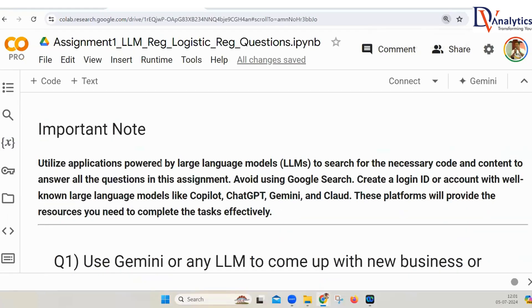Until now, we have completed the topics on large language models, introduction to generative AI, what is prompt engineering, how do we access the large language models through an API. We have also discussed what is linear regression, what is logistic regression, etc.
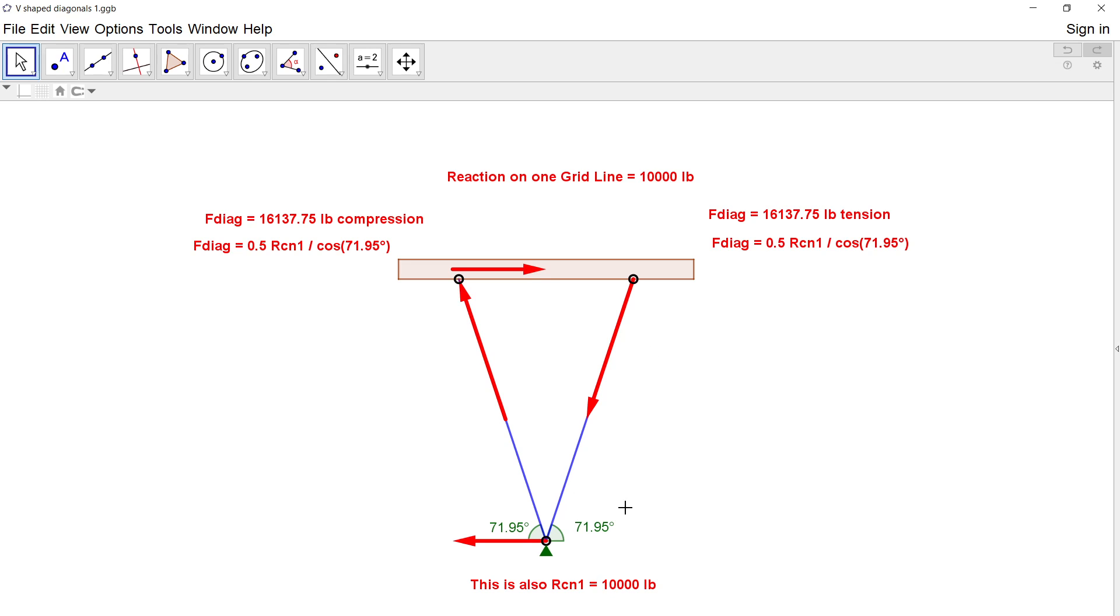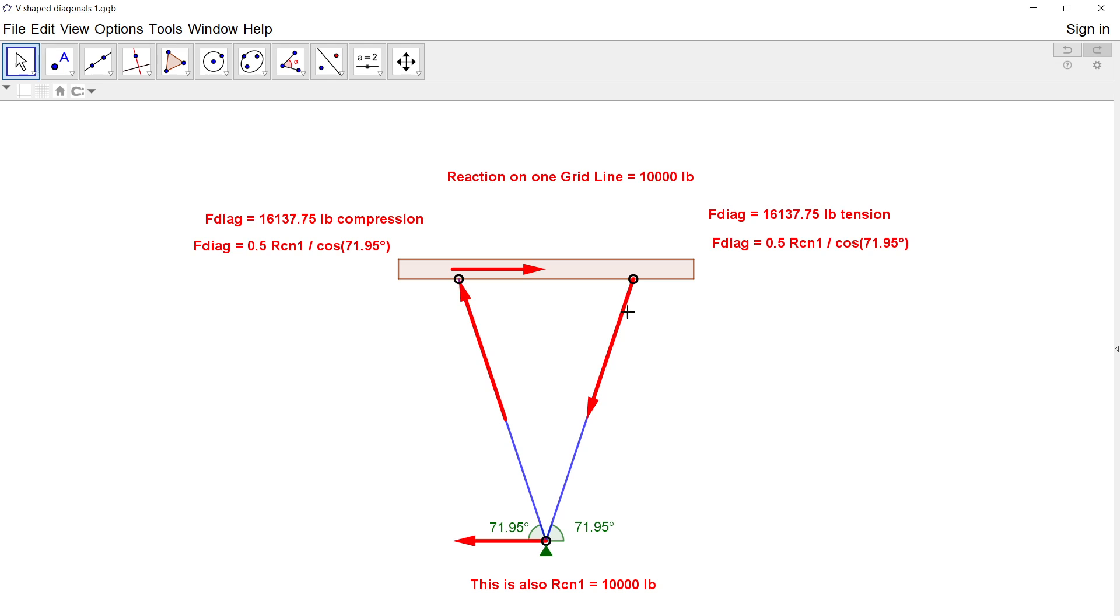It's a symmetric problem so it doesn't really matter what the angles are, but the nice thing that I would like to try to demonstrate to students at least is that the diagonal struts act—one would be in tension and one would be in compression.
= = =
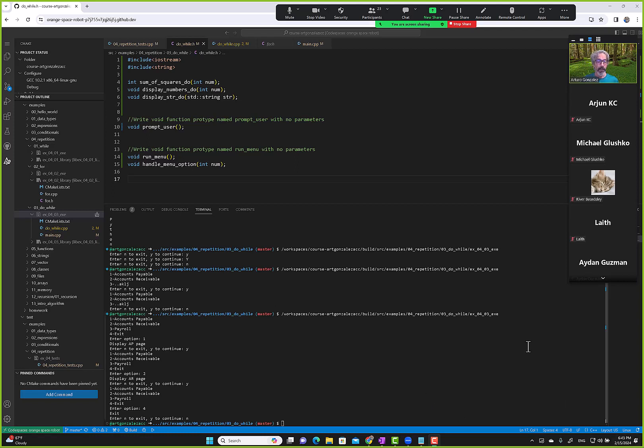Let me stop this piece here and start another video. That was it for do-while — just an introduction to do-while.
= = =
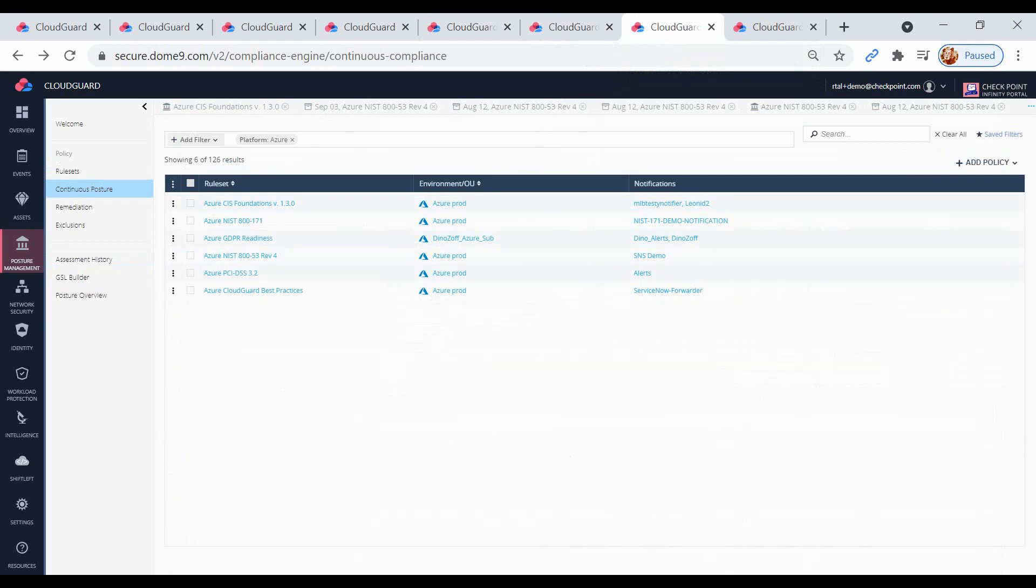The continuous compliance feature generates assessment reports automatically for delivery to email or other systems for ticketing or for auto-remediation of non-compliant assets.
= = =
YOUR TASK
Starting at the line with "Until now, we" and finishing at the line with "It's a symmetric", copy the material above exactly, both lines included. Nothing else goes in, and no pictures.

OUTPUT OF THE EXERCISE
Until now, we have completed the topics on large language models, introduction to generative AI, what is prompt engineering, how do we access the large language models through an API. We have also discussed what is linear regression, what is logistic regression, etc.
It's a symmetric problem so it doesn't really matter what the angles are, but the nice thing that I would like to try to demonstrate to students at least is that the diagonal struts act—one would be in tension and one would be in compression.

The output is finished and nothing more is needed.